Demonstrators gather at the Place de la Republique after a shooting at a French satirical newspaper in Paris. (Christophe Ena/Associated Press)

A shooting at the Paris offices of Charlie Hebdo, a satirical French weekly, left 12 people dead Wednesday. The perpetrators were allegedly responding to controversial cartoons the newspaper has published, sometimes showing the prophet Muhammad naked, other times showing him as sickly and in a wheelchair. Here is a look back at other controversies that caused outrage in the Muslim world and steps that were taken to prevent any dangerous backlash.

Read: The author on Charlie Hebdo’s latest cover imagined a France under Islamist rule

Danish cartoons

In 2006, cartoons published in the Danish daily Jyllands-Posten, and re-printed in the Norwegian paper Magazinet, depicted Muhammad in an unflattering light, including one that showed him wearing a bomb in his turban. The cartoons sparked outrage among Muslims and resulted in protests throughout the Middle East, as well as threats of retaliation against those involved in the drawings. Saudi Arabia recalled its ambassador from Denmark, while Libya closed its embassy in Copenhagen.

Mozart Opera in Berlin pulled 

After the Danish cartoon controversy, a leading Berlin opera house pulled Mozart's "Idomeneo" over fears that it could lead to dangerous reactions. In one scene, King Idomeneo "presents the severed heads not only of the Greek god of the sea, Poseidon, but also of Muhammad, Jesus and Buddha."

Swedish drawings

A year and a half after the outrage over the Danish cartoons, Swedish artist Lars Vilks displayed a rough sketch at a Stockholm seminar that showed Muhammad's head on a pig's body. The leader of al-Qaeda in Iraq announced a reward for the killing of Vilks as well as another Swedish newspaper editor who published the cartoon.

The Met pulls three paintings

In a precautionary move, the Metropolitan Museum of Art pulled three early paintings of the prophet before the images were unveiled as part of its Islamic collection, according to the New York Post.

'South Park' censorship

"South Park," known for its brazen depictions of Jesus, Scientologists, Catholics and Jews, attempted to feature Muhammad in 2010. The show had done this two times before, but this attempt was stalled.

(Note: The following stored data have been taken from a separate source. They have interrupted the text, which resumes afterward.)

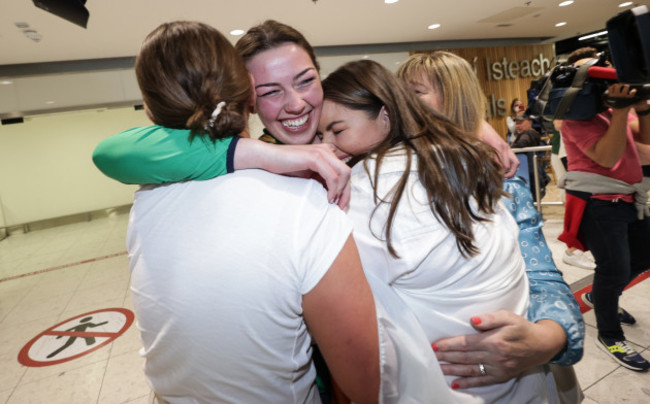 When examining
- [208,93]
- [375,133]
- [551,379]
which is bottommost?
[551,379]

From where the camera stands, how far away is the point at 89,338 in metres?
3.41

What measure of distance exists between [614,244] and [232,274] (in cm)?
239

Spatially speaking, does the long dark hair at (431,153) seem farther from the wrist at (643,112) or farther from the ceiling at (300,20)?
the ceiling at (300,20)

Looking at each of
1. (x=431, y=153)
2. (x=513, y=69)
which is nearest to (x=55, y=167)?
(x=431, y=153)

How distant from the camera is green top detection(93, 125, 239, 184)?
72cm

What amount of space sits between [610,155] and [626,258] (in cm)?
62

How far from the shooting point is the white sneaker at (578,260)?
3.61 metres

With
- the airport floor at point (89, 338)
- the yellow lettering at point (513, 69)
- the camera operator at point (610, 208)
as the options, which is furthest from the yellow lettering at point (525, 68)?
the camera operator at point (610, 208)

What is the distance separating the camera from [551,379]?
1.00 meters

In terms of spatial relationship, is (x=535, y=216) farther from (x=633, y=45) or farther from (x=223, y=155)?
(x=223, y=155)

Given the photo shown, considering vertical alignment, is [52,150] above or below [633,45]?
below

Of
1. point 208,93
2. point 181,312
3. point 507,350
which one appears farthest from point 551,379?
point 208,93

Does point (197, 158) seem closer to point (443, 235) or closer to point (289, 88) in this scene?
point (443, 235)

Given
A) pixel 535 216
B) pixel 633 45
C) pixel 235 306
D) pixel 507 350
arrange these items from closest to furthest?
pixel 235 306
pixel 507 350
pixel 633 45
pixel 535 216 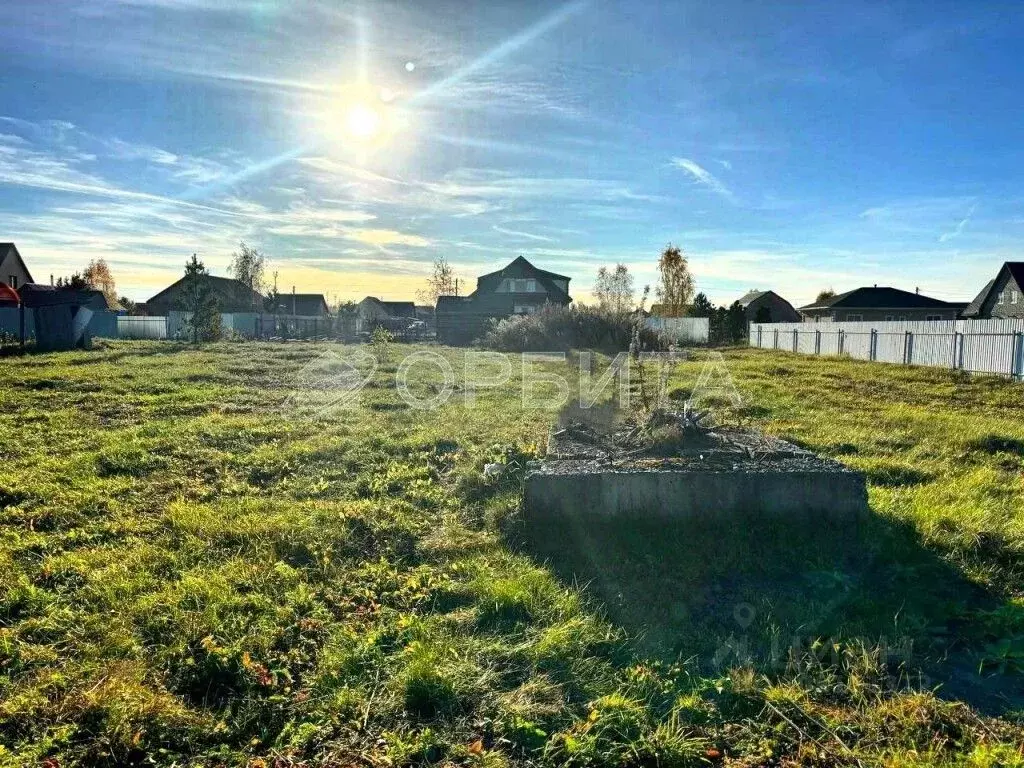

After receiving threats from extremist groups, Comedy Central bleeped out all references to Muhammad, and all images of the prophet were censored.

Molly Norris and 'Everybody Draw Mohammed Day'

In 2010, Seattle-based cartoonist Molly Norris proposed that everybody create a drawing depicting  Muhammad, as a response to death threats against those involved in the "South Park" segment that attempted to depict the prophet. Norris drew a variety of objects, including a box of pasta and coffee cup, likening those to the prophet. After her announcement of "Everybody Draw Mohammed Day," the then-leader of al-Qaeda in the Arabian Peninsula, Anwar al-Awlaki, said Norris has been put on an execution hitlist.

'Innocence of Muslims'


Palestinians protest the movie "Innocence of Muslims" near the U.N. office in Gaza City in 2012. (Adel Hana/Associated Press)

A 14-minute, low-budget YouTube video released in 2012 led to protests across the Muslim world. This video depicted Muhammad as a womanizer, child molester, homosexual and a thug. The demonstrations led to dozens of deaths and hundreds of injuries, and there are some reports that the clip provoked the 2012 terrorist attack in the Libyan city of Benghazi that left a U.S. ambassador dead.